**** INFORMATION SHOWN

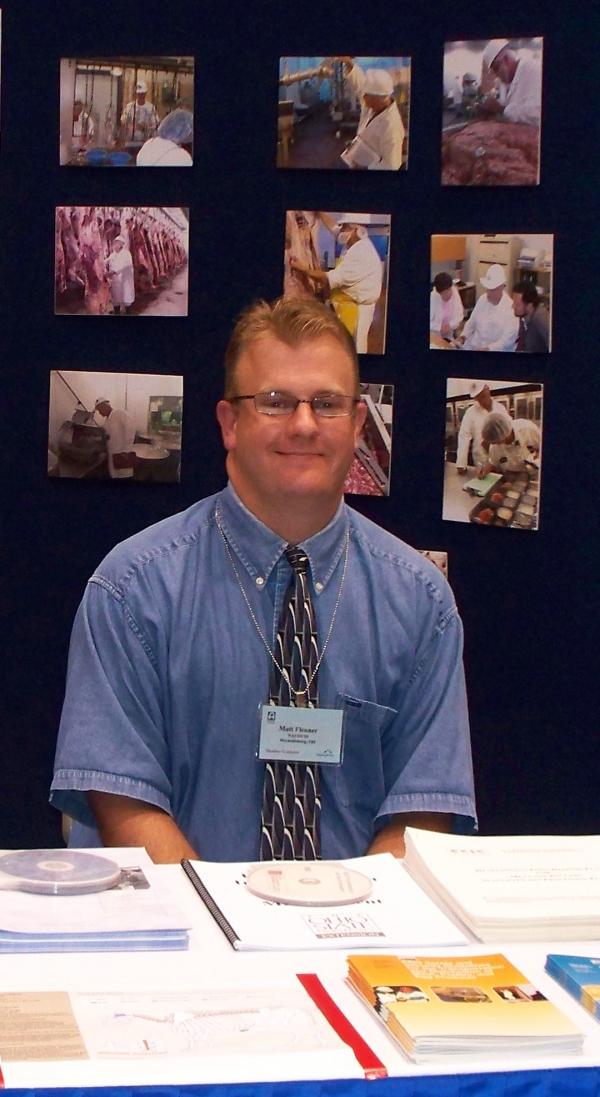 Matt Flenner - Class of 1992 - Preble Shawnee High School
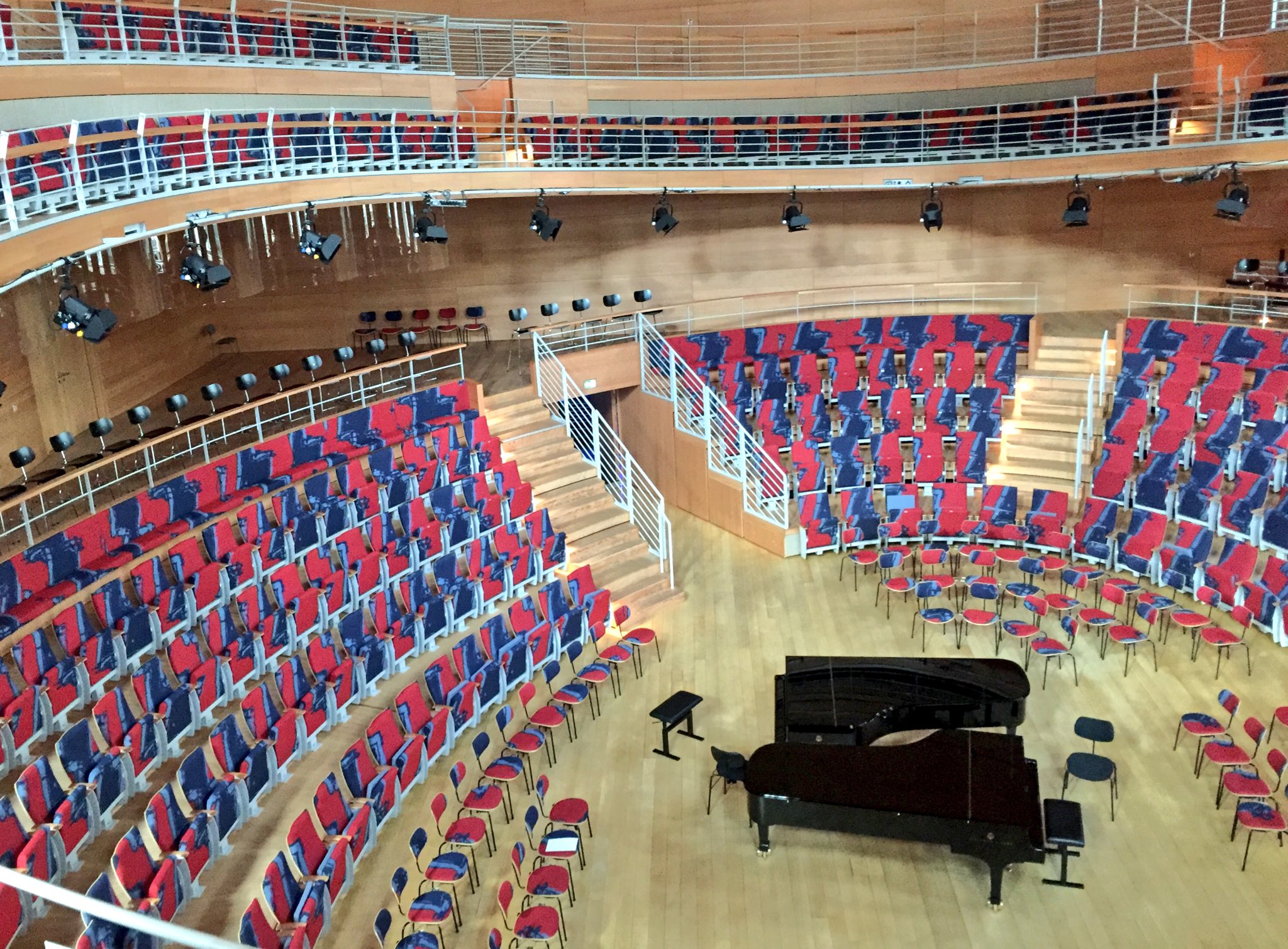 Pierre Boulez Saal On Twitter Tonight Piano Duos Recital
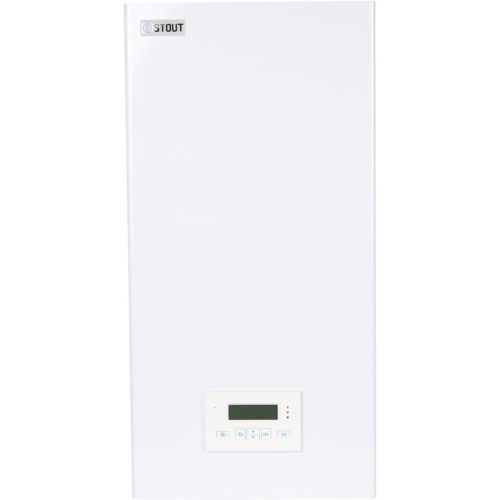 Фото Электрический котел STOUT 21 кВт SEB-2101-000021 Электрический котел STOUT 21 кВт SEB-2101-000021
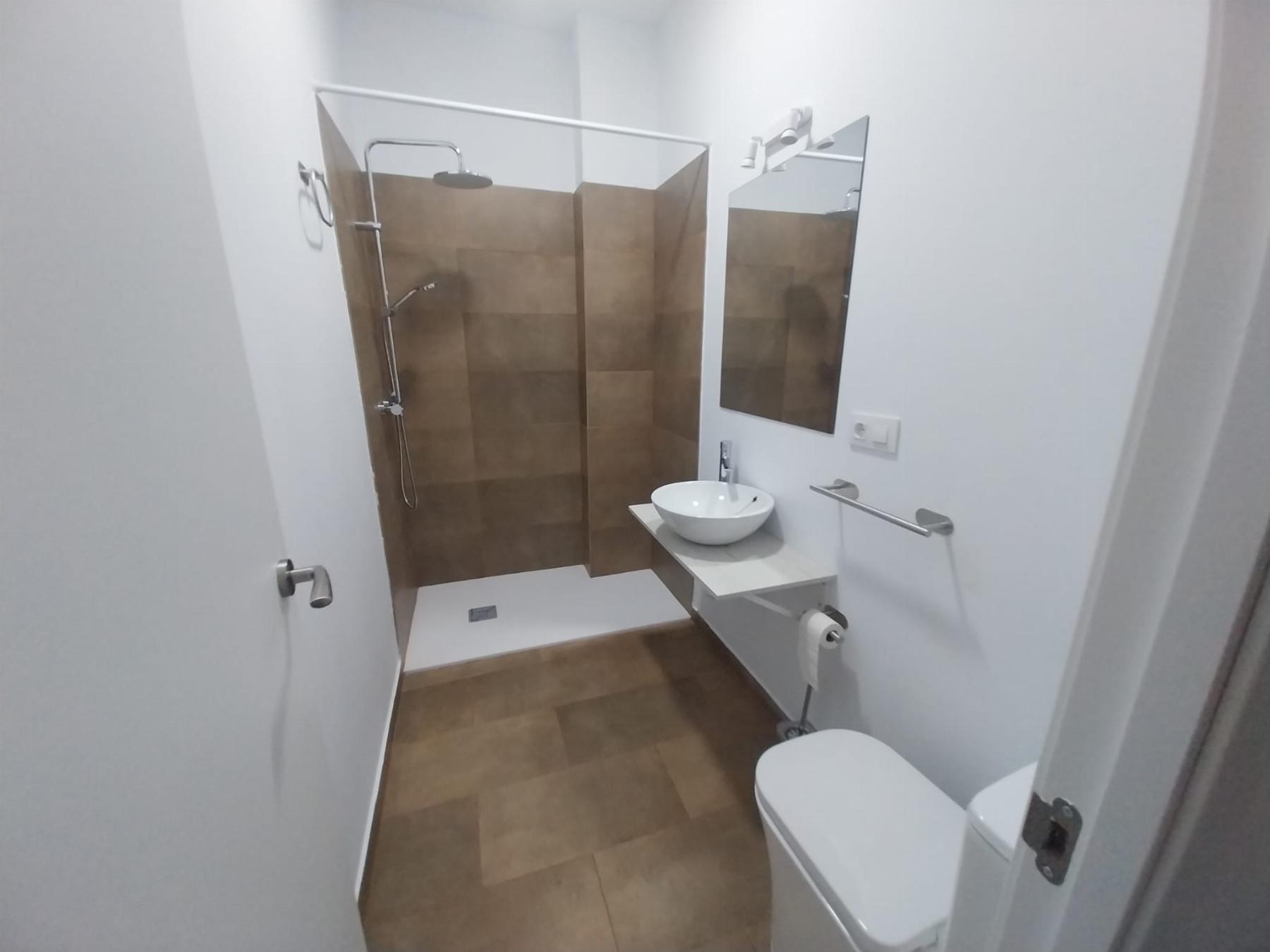 For rent of apartment in Mérida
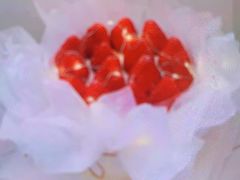 -勒甜LO CHO·私人订制低糖代糖纯动物奶油生日蛋糕(新开路店)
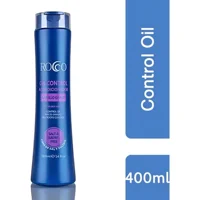 Rocco Acondicionador Oil Control Cabello Graso 400 Ml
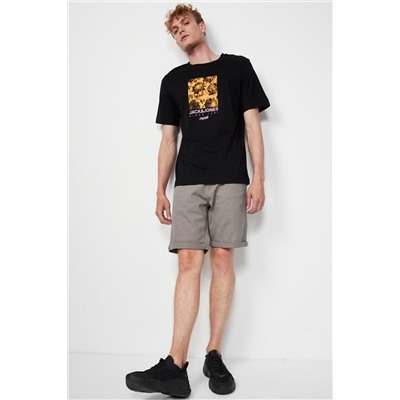 Short Gris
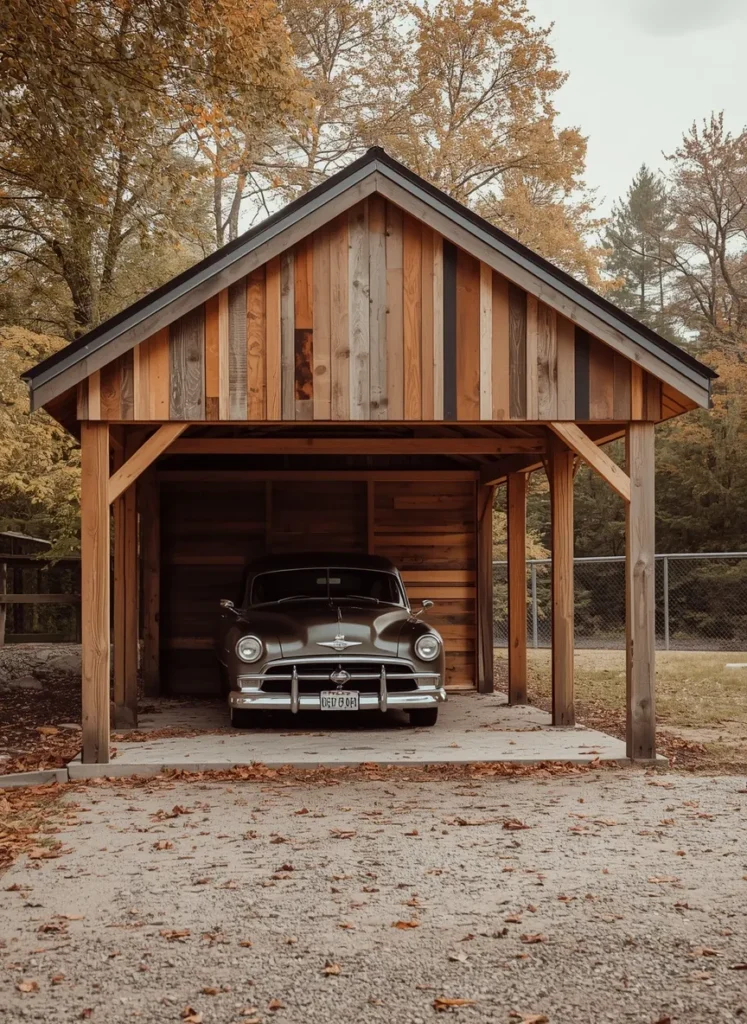 carport ideas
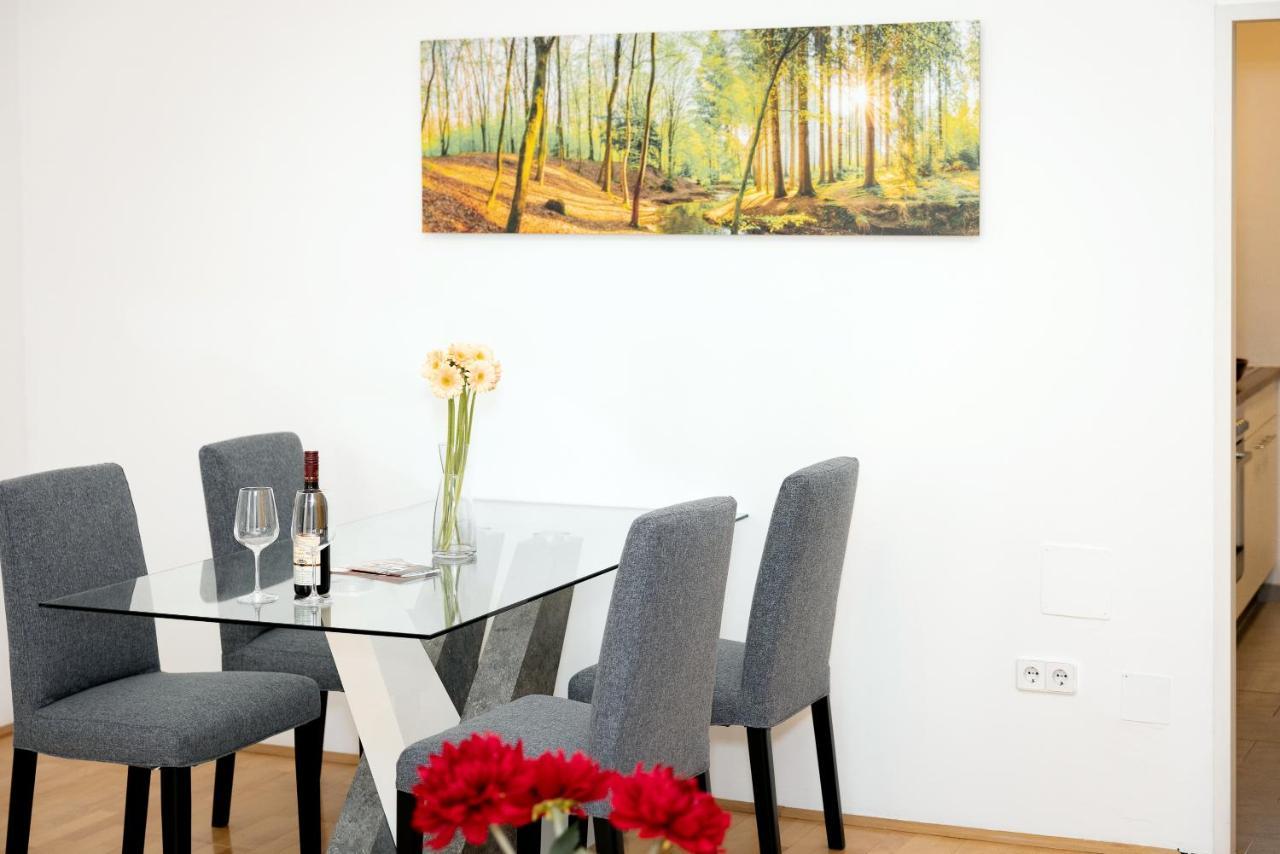 Premium 80 M2 Apartment - Free Parking Viyana Dış mekan fotoğraf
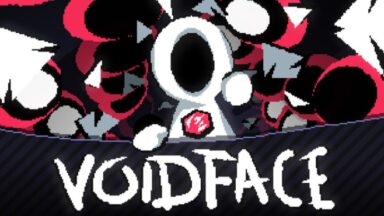 Featured VOIDFACE Free Download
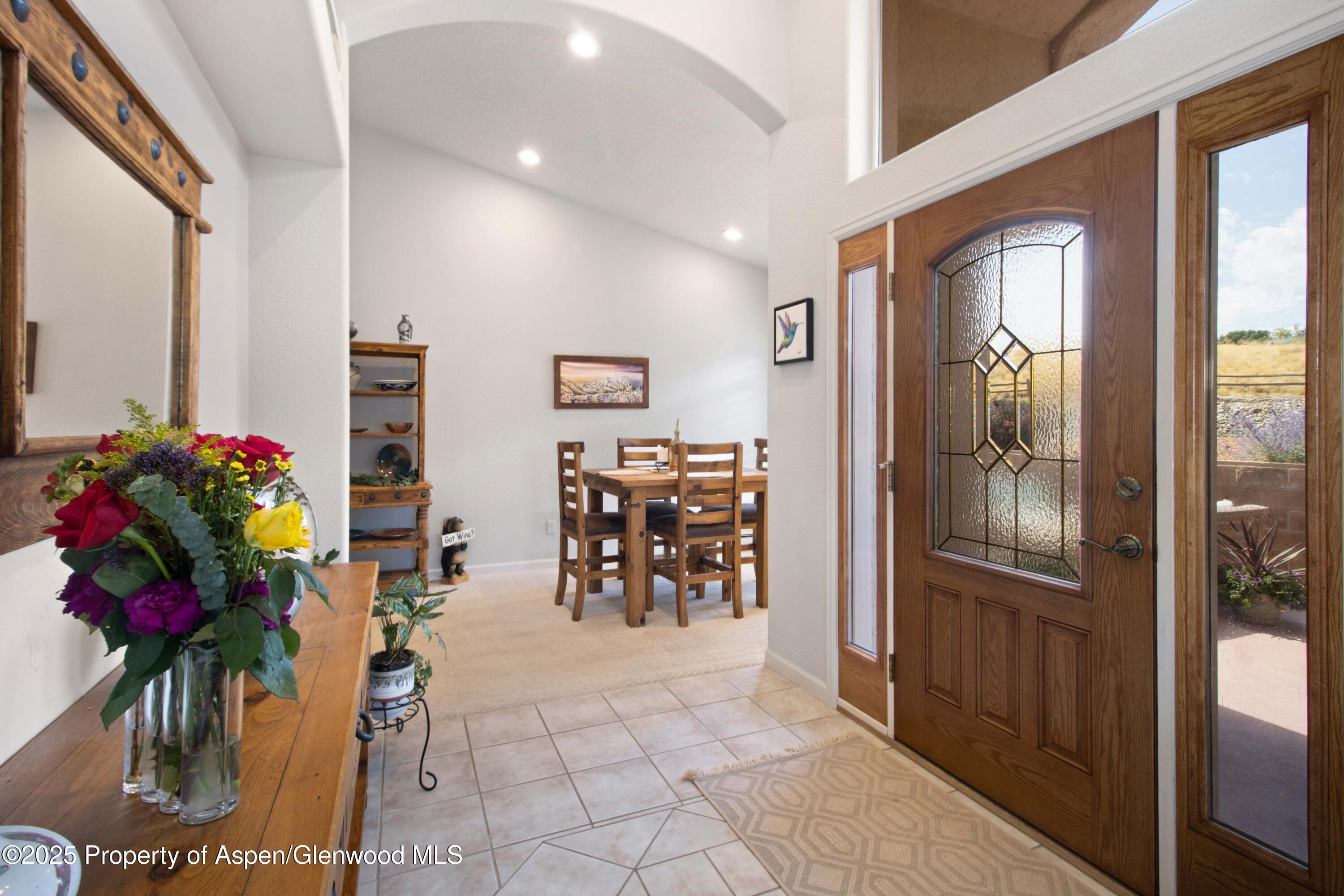 74 Hogan Circle Parachute CO 81635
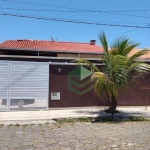 Casa com 3 dormitórios à venda, 146 m² por R$ 550.000,00 - Jardim Casablanca - Peruíbe/SP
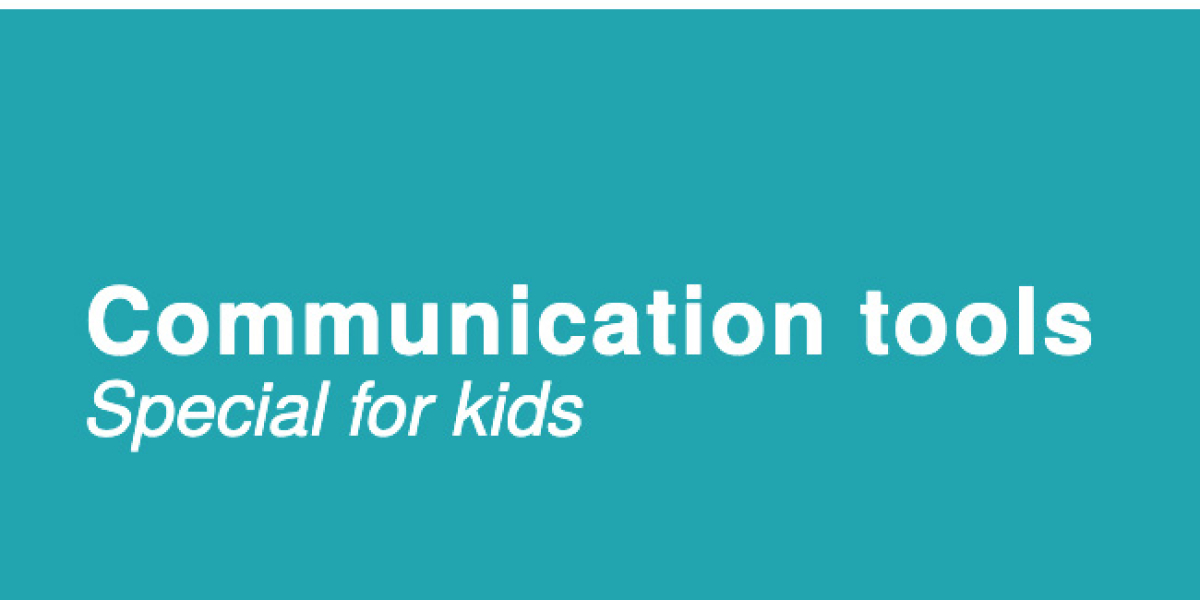 Synod_ Communication Tools for kids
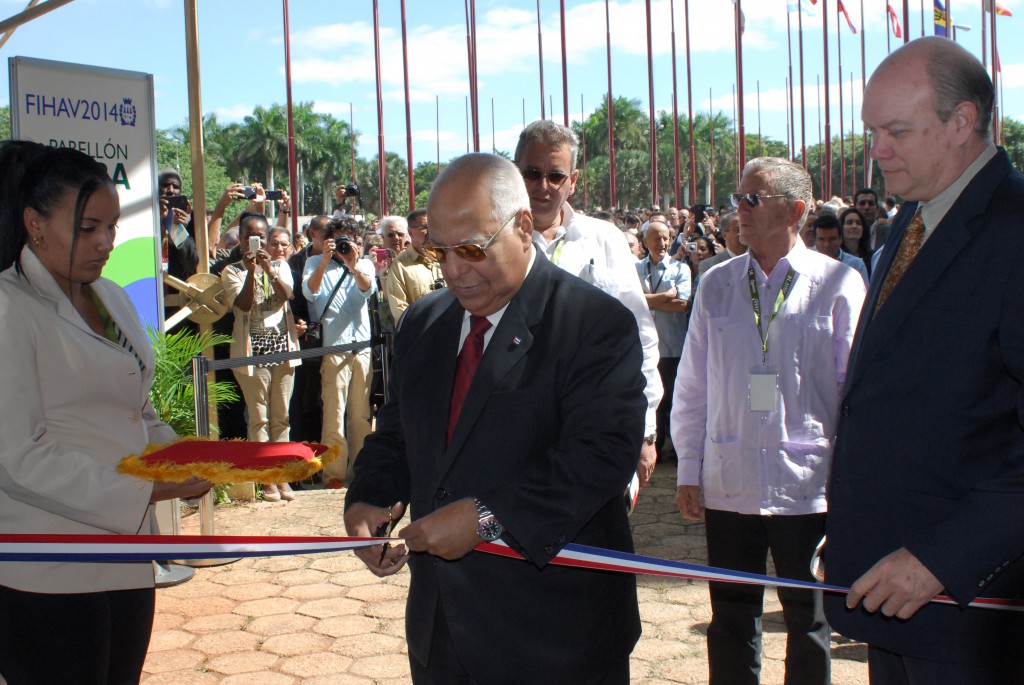 Foto: Heriberto González BRito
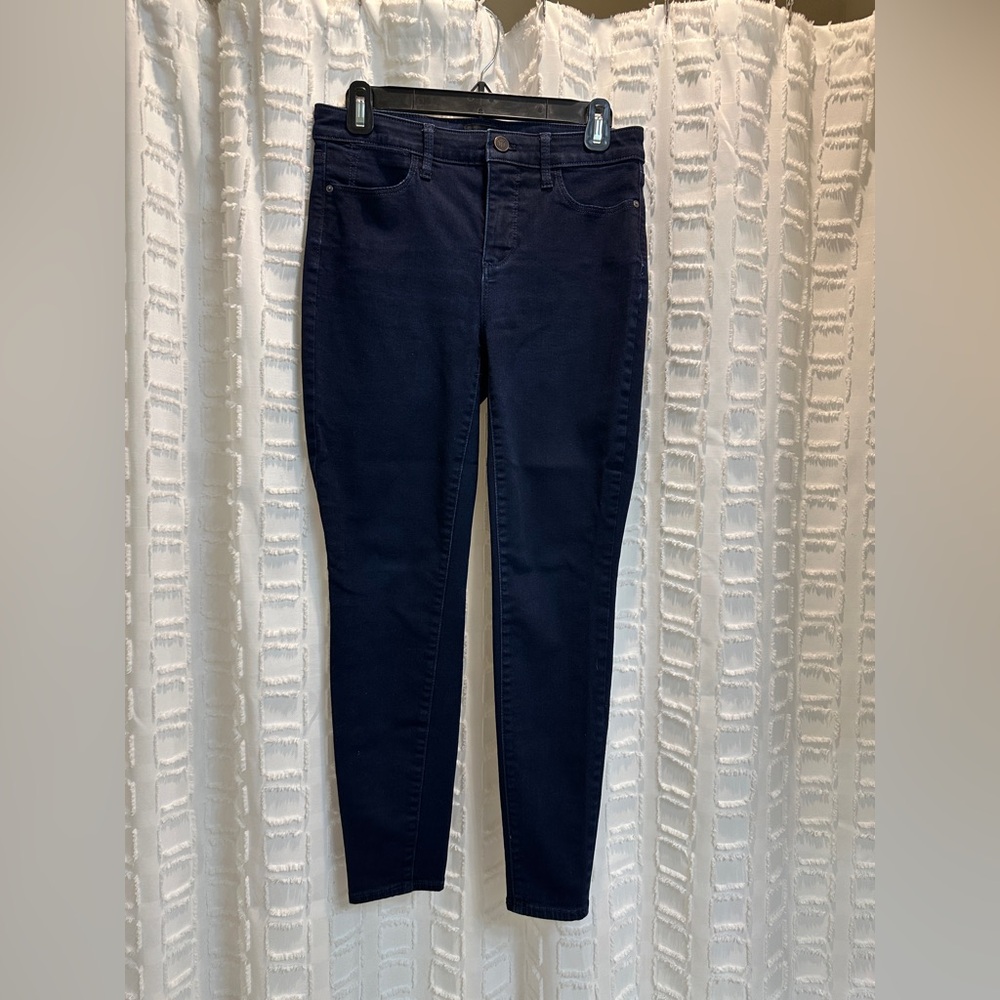 Talbots Dark Blue Jeggings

********

__GOAL OF THE EXERCISE__.
An exact transcription is needed of the lines from the one with "-勒甜LO CHO·私人订制低糖代糖纯动物奶油生日蛋糕(新开路店)" to the one with "74 Hogan Circle Parachute CO 81635" above, both ends included, with pictures left out.

__SOLUTION TO THIS PROBLEM__.
 -勒甜LO CHO·私人订制低糖代糖纯动物奶油生日蛋糕(新开路店)
 Rocco Acondicionador Oil Control Cabello Graso 400 Ml
 Short Gris
 carport ideas
 Premium 80 M2 Apartment - Free Parking Viyana Dış mekan fotoğraf
 Featured VOIDFACE Free Download
 74 Hogan Circle Parachute CO 81635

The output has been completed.